食べてみよう隣の珍魚 クロウシノシタ
近づいて見てみると、怪獣以上に恐い顔だった
【学者などにとってはちっとも珍魚ではないし、超深海や、南北両極にいるわけでもない。魚屋でもスーパーでもときどき見かける魚だが、普通の人にとっては珍魚、何気なく見ていると普通だけど、よくよく見ると変というのを「隣の珍魚」という。】
梅雨入り間近のある日、福岡県北九州市小倉の市場で小学校低学年くらいの男子が顔を近づけて、ある魚をなめるように見ていた。
言わなきゃいいのに、「ヒゲがあるよね」と無駄な親切心で教えてあげたのだ。
小学生は、「ヒゲなの?(意訳)」とボクを指さして聞いたのだ。
これはヒゲなんだろうか?
ボクはそのとき長旅でヒゲぼうぼうの情けない顔をしていた。
うまく説明できなかった。
目は左にの左右にぺったんこで細長い魚だ
クロウシノシタの下顎に生えているのは触髯(しょくしゅ)と言われるもので、人間のヒゲとは違う。
もともとはスズキやタイ(マダイ)のような普通の魚が進化したものなので、生まれたときは普通の魚の姿で目は左右にある。これが10mmくらいになると右目が左に移動してくるのだが、同時に胸鰭が消えてなくなる。
体は目のない右側と目のある左側の幅(厚み)がなく、ぺったんこで平べったい。
その内、口が大きく裂け上唇が逆さまの長い二等辺三角形になり、下顎の前に垂れ下がり、下顎にヒゲ状のものが生える。
普段、浅い泥と砂が混ざったようなところにいて、底生生物(底にいる生き物のことで、ベントスともいう)の小さなエビやカニ、ゴカイや魚の稚魚などを食べている。
小型の生物をキャッチして、食べられるかどうかを感じているのがヒゲだと思う。一緒に食べた泥などとより分ける役割もしているのかも。
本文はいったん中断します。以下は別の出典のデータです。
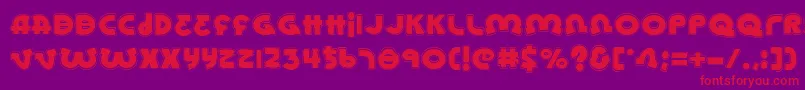 LionelAcademy Font – Red Fonts on Purple Background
左の目が上顎のつけ根にあるのも、とらえた獲物を見るためだろう
人のヒゲはケラチンというタンパク質で出来ていて、これと言って役割がない。クロウシノシタのヒゲは肉質で大きな役割を担っていることになる。
市場などで普通に見ていると、「シタビラメのムニエルにでもしたいな」と、おいしそうに思えるけど、近寄ってみるとまるで怪物のようだ、という事実を小学生に教わったのだ。